Intellectual property related to a process or service delivery is harder to value. For example, custom debt collection software used in a collections practice. The value of this type of asset would depend on any competitive advantage gained over what is readily available on the market.
Due diligence is easier in a prospective revenue only deal and focused mainly on supporting any assumptions of future sources of income. In our experience, the payment period runs two or three years and can range from 15-25% of gross collected revenue, depending upon the profitability of the work.
A riskier deal might include a payment based on an agreed upon baseline revenue amount paid over a period of years. For example, a multiple of agreed upon recurring revenue or profit at sale date paid over a period of years. I’m less comfortable with this structure, but I have seen one or two in the past.

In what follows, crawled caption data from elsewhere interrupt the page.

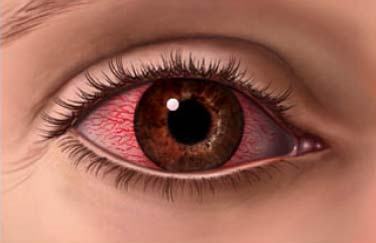 Kırmızı göz hastalığı belirtileri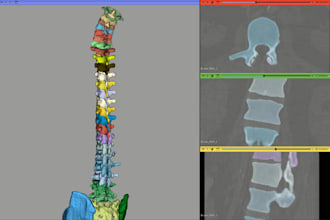 integrate ai models and fine tune them for medical imaging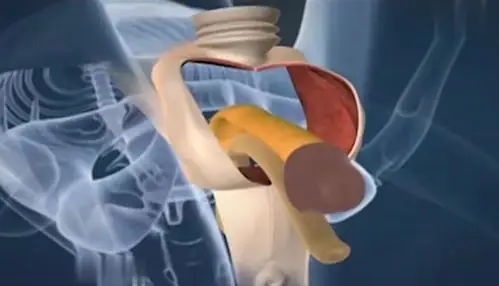 神科普!男变女变性手术全程-健康视频-搜狐视频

As for due diligence, I would request the following:
- Three years historical revenues (billed and collected basis) by client and a distribution of timekeeper hours by client;
- Three-year salary history for any retained employee post acquisition;
- Compensation history of any partners in the transaction;
- Copies of any relevant employment or compensation agreements;
- Copies of any lease agreements the buyer is assuming – office equipment and space;
- Lien or secured financing search for any purchased asset ( the firm’s bank may have a pledge of all firm assets);
- A listing and description of any intellectual property claimed by the seller;
- Proof of tail coverage for any acts before acquisition;
- A list of any one time or recurring charges that the seller expects the buyer to assume;
- Any fee sharing agreements with Co or Referral counsel;
- Engagement letters for any assumed clients;
- A listing and disposition of all trust balances attached to cases moving to the acquiring firm;
- A listing of all outstanding WIP (fees and costs), AR (fees and costs) for cases moving to the acquiring firm; and
- Three years income statements and balance sheets.
The structure of the transaction dictates the due diligence depth. For example, if it is a go forward agreement on new cases only, many items on the list are not necessary. If the transaction is a purchase of the firm’s assets and includes an assumption of liabilities, you are likely safer commissioning a CPA to do an audit.
If an insider buying the firm, a simple agreed upon procedure engagement with the neutral CPA may suffice.
As you know, each deal has its unique characteristics, and due diligence on the buy side can expand or contract based on the buyer’s perceived risk.